[Data for review]:
···

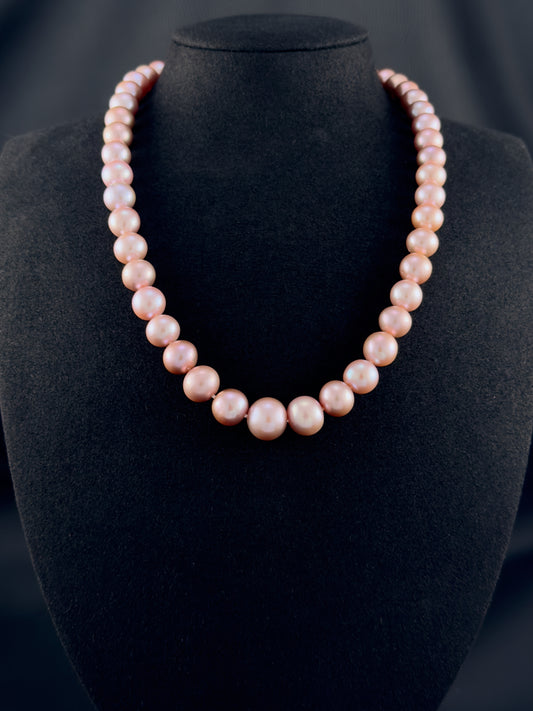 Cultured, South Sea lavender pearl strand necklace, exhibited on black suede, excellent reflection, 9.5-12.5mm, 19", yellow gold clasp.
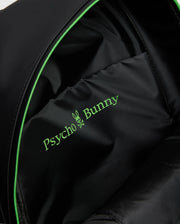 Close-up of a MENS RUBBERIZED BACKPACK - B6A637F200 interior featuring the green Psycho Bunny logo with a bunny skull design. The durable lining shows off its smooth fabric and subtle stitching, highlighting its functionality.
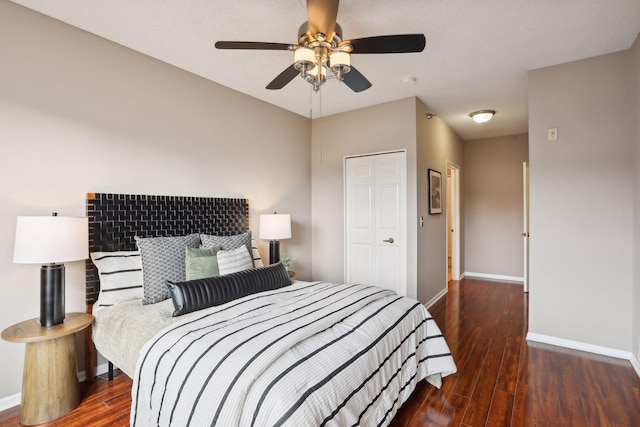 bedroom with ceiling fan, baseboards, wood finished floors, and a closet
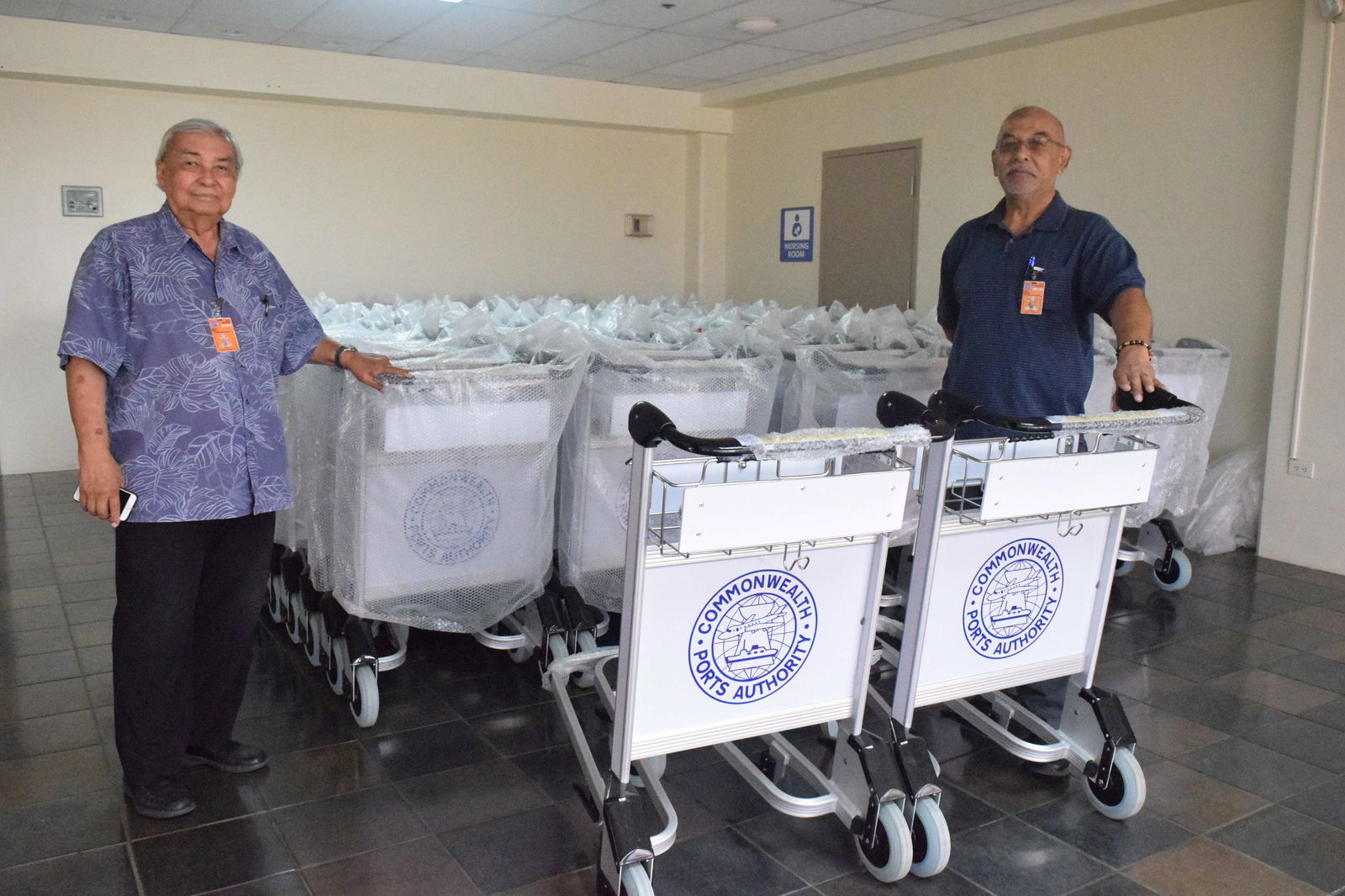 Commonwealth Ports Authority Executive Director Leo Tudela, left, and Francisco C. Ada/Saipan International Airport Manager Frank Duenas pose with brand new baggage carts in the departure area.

···

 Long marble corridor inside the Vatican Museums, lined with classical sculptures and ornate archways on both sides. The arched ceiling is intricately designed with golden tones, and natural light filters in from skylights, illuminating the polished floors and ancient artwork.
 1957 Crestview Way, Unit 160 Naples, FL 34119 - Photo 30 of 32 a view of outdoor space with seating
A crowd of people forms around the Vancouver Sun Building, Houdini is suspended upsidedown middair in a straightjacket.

···

[Work required]: Of the lines above, quote exactly those from the one with "Cultured, South Sea" through the one with "Commonwealth Ports Authority", ends included; pictures stay out.

[Output]:
 Cultured, South Sea lavender pearl strand necklace, exhibited on black suede, excellent reflection, 9.5-12.5mm, 19", yellow gold clasp.
 Close-up of a MENS RUBBERIZED BACKPACK - B6A637F200 interior featuring the green Psycho Bunny logo with a bunny skull design. The durable lining shows off its smooth fabric and subtle stitching, highlighting its functionality.
 bedroom with ceiling fan, baseboards, wood finished floors, and a closet
 Commonwealth Ports Authority Executive Director Leo Tudela, left, and Francisco C. Ada/Saipan International Airport Manager Frank Duenas pose with brand new baggage carts in the departure area.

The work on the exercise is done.